ACTIVITY → Every line below must come back exactly as it stands, with the images omitted.

INPUT →
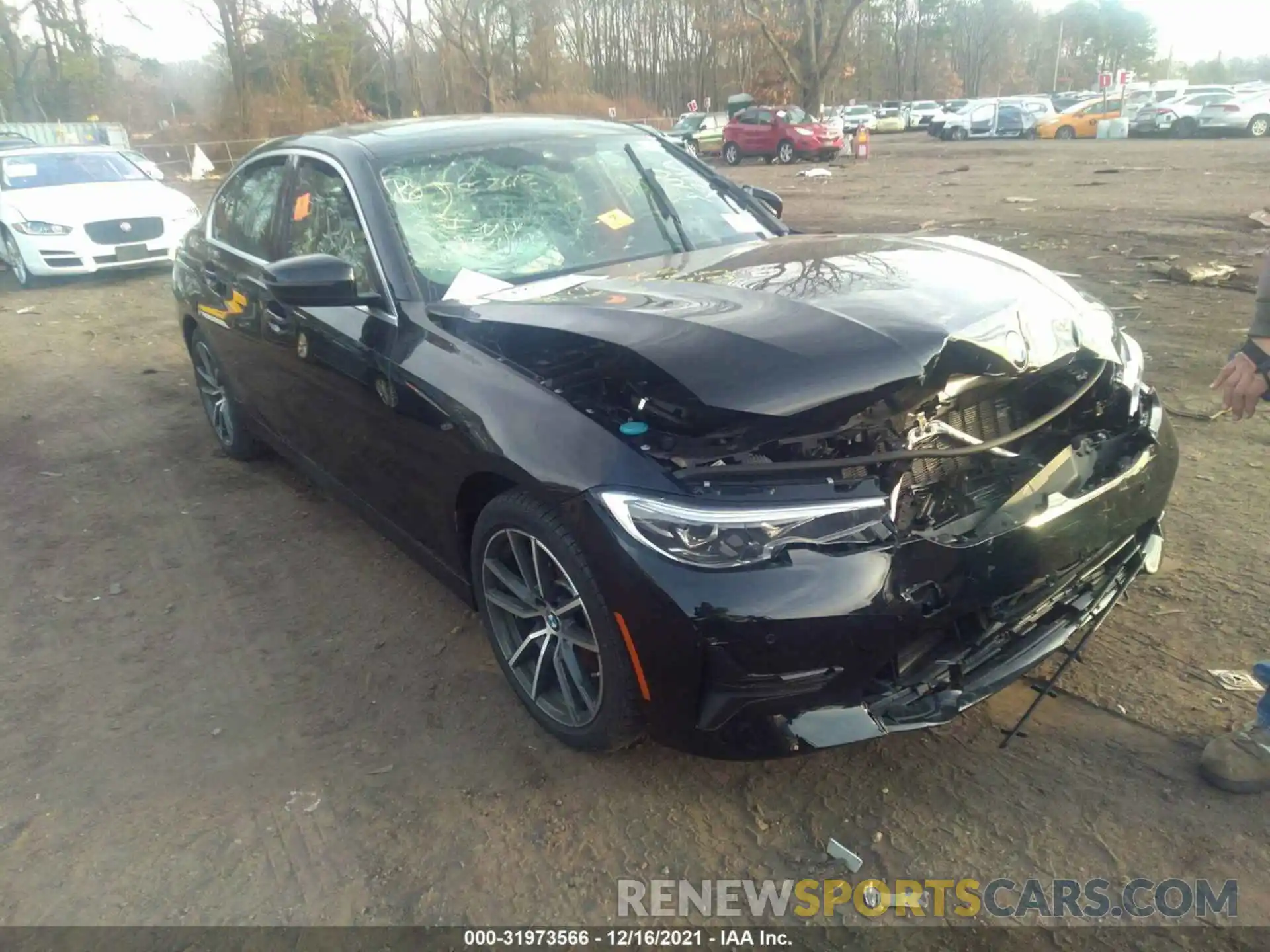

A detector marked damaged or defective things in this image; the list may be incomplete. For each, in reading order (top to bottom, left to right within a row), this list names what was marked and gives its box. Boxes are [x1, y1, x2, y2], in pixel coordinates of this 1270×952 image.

broken headlight [599, 487, 889, 571]
damaged front bumper [566, 401, 1178, 762]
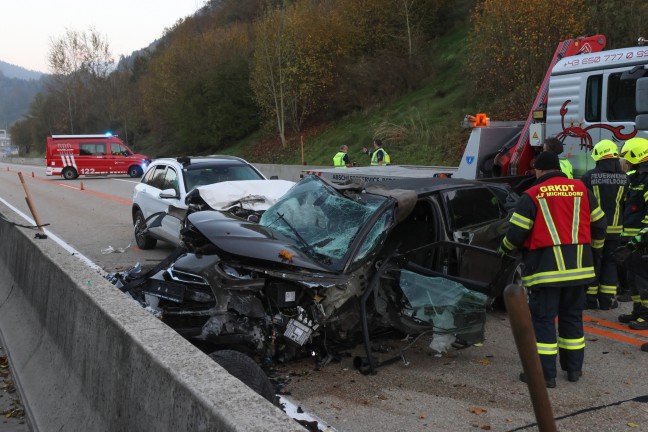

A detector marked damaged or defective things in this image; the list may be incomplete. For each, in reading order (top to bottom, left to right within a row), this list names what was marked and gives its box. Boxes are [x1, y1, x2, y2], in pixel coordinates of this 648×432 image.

crumpled car hood [185, 211, 332, 272]
wrecked dark car [110, 176, 516, 374]
shattered windshield [260, 176, 390, 270]
broken car window [260, 176, 390, 270]
damaged car wheel [209, 350, 278, 406]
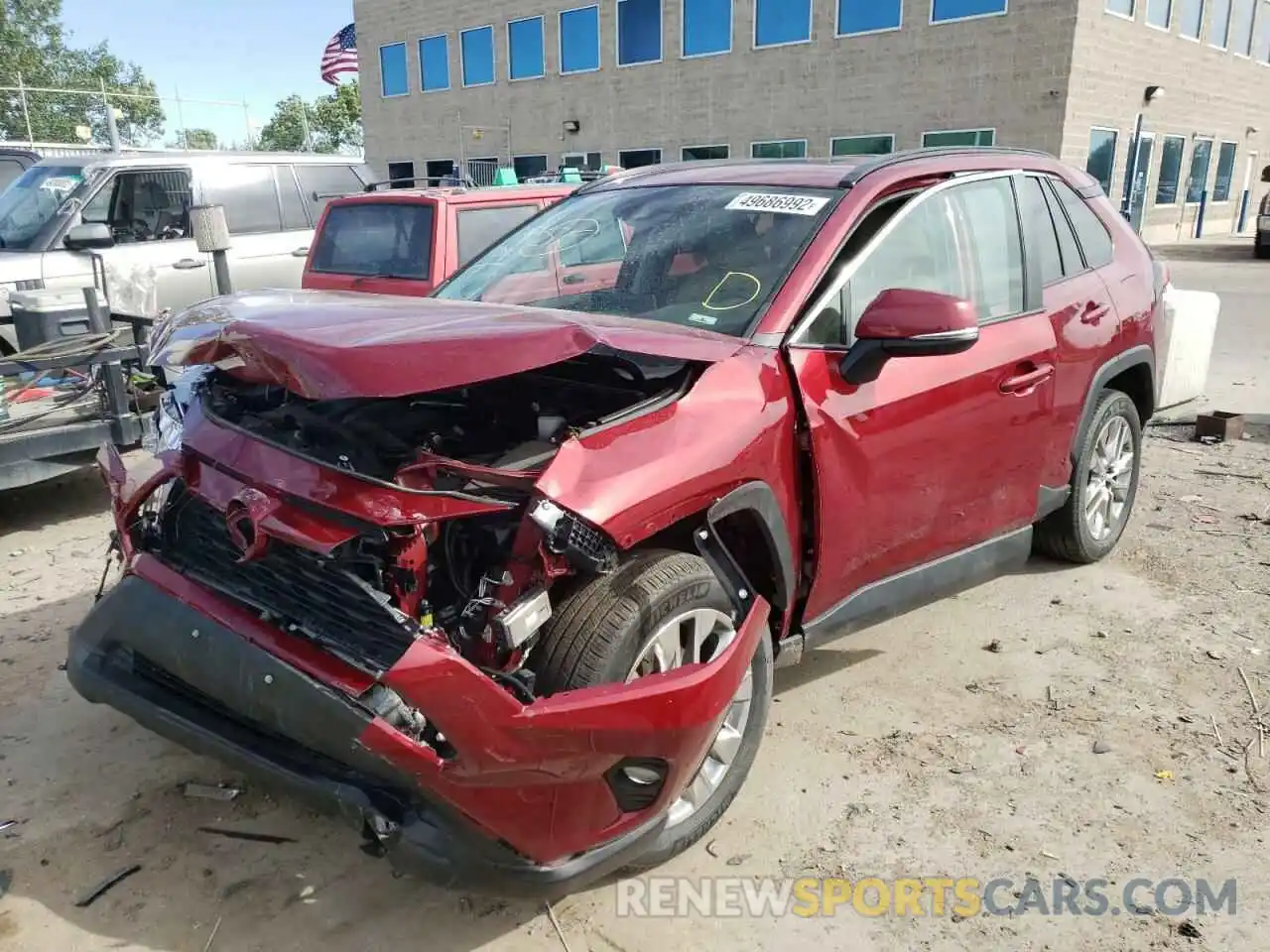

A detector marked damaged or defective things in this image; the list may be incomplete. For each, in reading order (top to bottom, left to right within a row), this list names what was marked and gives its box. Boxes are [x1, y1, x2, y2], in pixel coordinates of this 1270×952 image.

crumpled front end [74, 355, 770, 885]
broken headlight [528, 498, 619, 571]
damaged red suv [69, 147, 1159, 892]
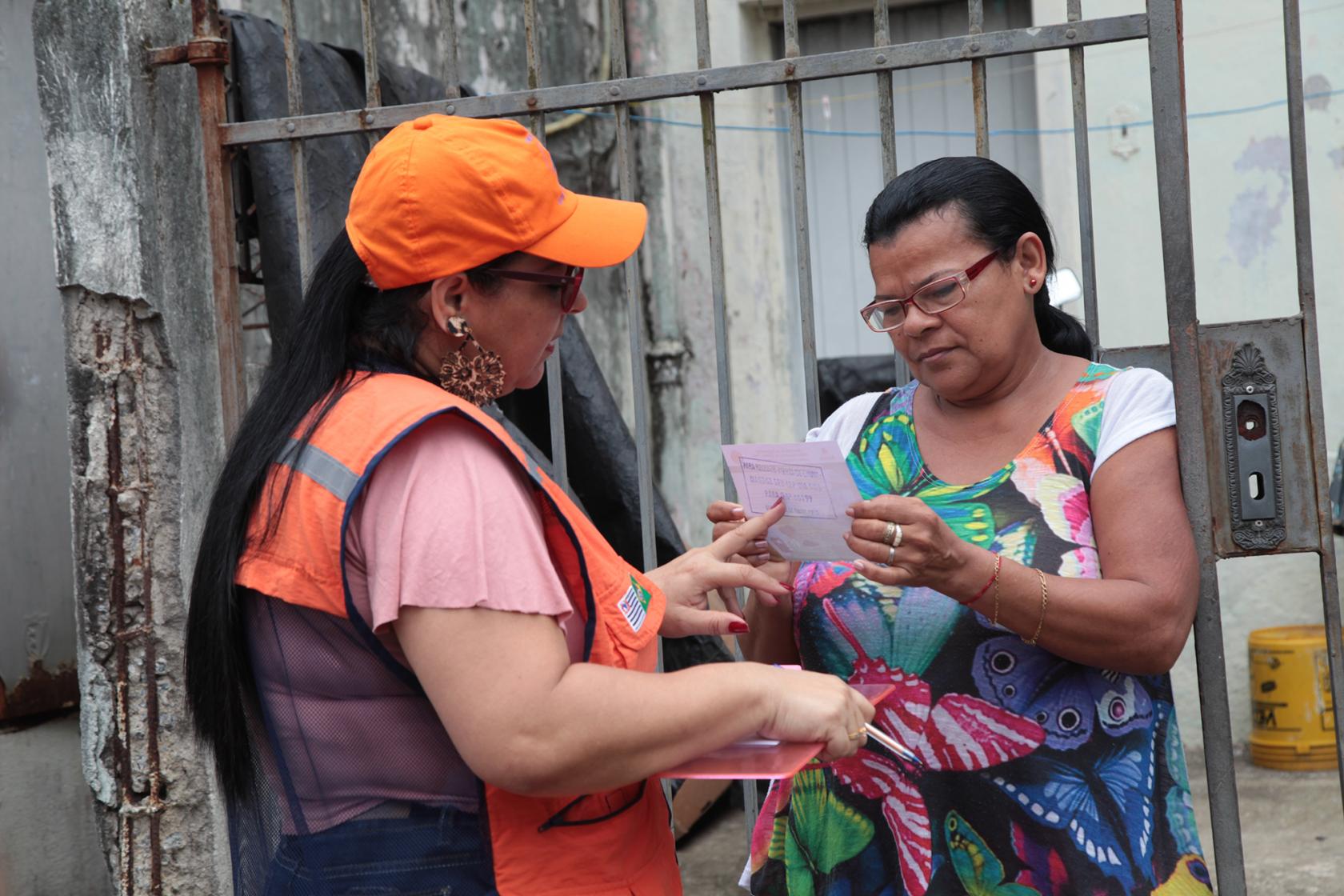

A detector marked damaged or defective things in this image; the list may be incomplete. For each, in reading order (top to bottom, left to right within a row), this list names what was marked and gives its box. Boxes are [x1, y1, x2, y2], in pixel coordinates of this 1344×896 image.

rusty iron bar [189, 0, 245, 438]
rusty iron bar [280, 0, 310, 283]
rusty iron bar [445, 0, 464, 98]
rusty iron bar [218, 14, 1146, 147]
rusty iron bar [781, 0, 826, 432]
rusty iron bar [877, 0, 909, 387]
rusty iron bar [966, 0, 986, 158]
rusty iron bar [1069, 0, 1094, 352]
rusty iron bar [1146, 0, 1248, 890]
rusty iron bar [1280, 0, 1344, 806]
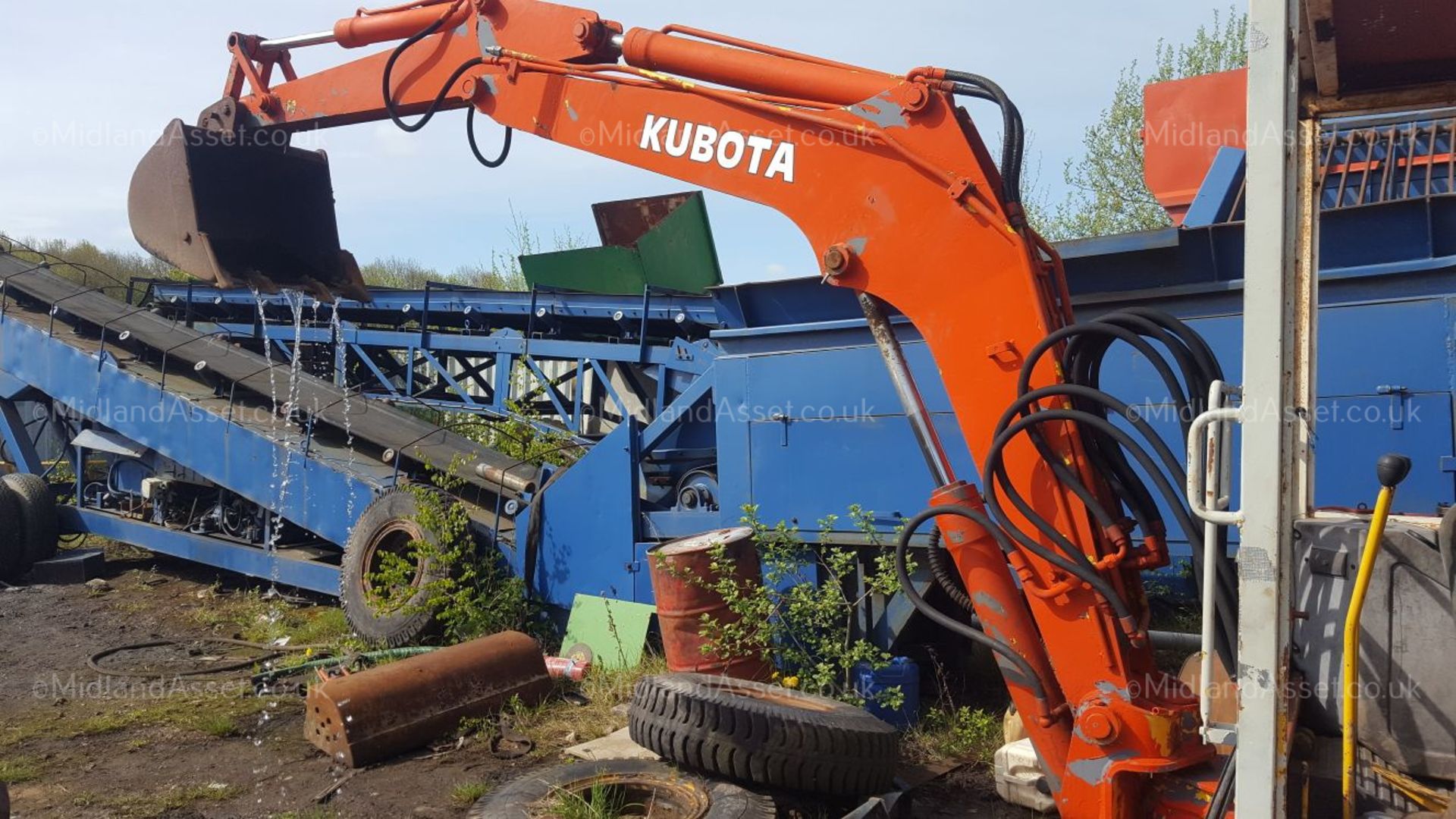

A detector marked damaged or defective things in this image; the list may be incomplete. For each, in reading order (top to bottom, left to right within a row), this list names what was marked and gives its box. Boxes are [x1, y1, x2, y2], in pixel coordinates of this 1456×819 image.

rusty metal bucket on ground [127, 119, 369, 301]
rusty bolt [821, 242, 850, 277]
rusty oil drum [643, 524, 768, 679]
rusty metal bucket on ground [646, 524, 774, 679]
rusty metal bucket on ground [304, 623, 547, 763]
rusty roller [306, 623, 550, 763]
rusty bolt [1077, 705, 1118, 743]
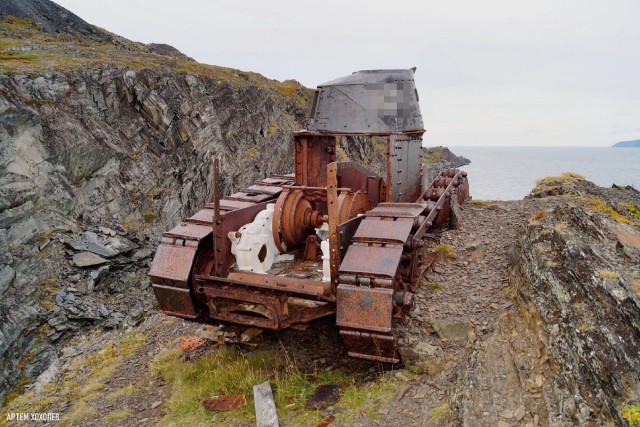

RESULT FOR THIS TASK →
A detector marked damaged or defective things in this image; the list may be incomplete. For each, in reading order (top to bottom, left to right within a row), this list names what was marked and gives its box. Boxes are [x1, y1, x2, y2], in pixel coordinates of this 1270×952 image.

broken headlight [599, 487, 889, 571]
damaged front bumper [566, 401, 1178, 762]

A detector marked damaged or defective things in this image; the list may be incomplete. For each, in reading order (top to bottom, left to right within a row), this list names what was marked and gives its box. Boxes are [x1, y1, x2, y2], in pixel coordinates of this 648×432 image.

crumpled car hood [185, 211, 332, 272]
wrecked dark car [110, 176, 516, 374]
shattered windshield [260, 176, 390, 270]
broken car window [260, 176, 390, 270]
damaged car wheel [209, 350, 278, 406]

A detector marked damaged or defective things in this image; the list may be incomplete. For each, in reading order (top to bottom, left to right within a row), this list names what was marked and gives its box. Boxes are [x1, y1, x2, y2], in pixel coordinates of this 1270×952 image.

crumpled front end [74, 355, 770, 885]
broken headlight [528, 498, 619, 571]
damaged red suv [69, 147, 1159, 892]

A detector marked damaged or defective things in this image; the list may be incomplete. For each, in reading order (top to bottom, left to right within a row), this list names what was marked and gives its box. Boxes are [x1, y1, x2, y2], in pixel coordinates of this 1344×896 image.

rusty iron bar [189, 0, 245, 438]
rusty iron bar [280, 0, 310, 283]
rusty iron bar [445, 0, 464, 98]
rusty iron bar [218, 14, 1146, 147]
rusty iron bar [781, 0, 826, 432]
rusty iron bar [877, 0, 909, 387]
rusty iron bar [966, 0, 986, 158]
rusty iron bar [1069, 0, 1094, 352]
rusty iron bar [1146, 0, 1248, 890]
rusty iron bar [1280, 0, 1344, 806]

A detector marked damaged or defective things in this image; the list may be incomplete. For each, in reading order (top to bottom, left to right within a row), this list names what was marked and gives its box. Boxes are [x1, y1, x2, y2], in pixel coordinates of this 1456×819 image.

rusty metal bucket on ground [127, 119, 369, 301]
rusty bolt [821, 242, 850, 277]
rusty oil drum [643, 524, 768, 679]
rusty metal bucket on ground [646, 524, 774, 679]
rusty metal bucket on ground [304, 623, 547, 763]
rusty roller [306, 623, 550, 763]
rusty bolt [1077, 705, 1118, 743]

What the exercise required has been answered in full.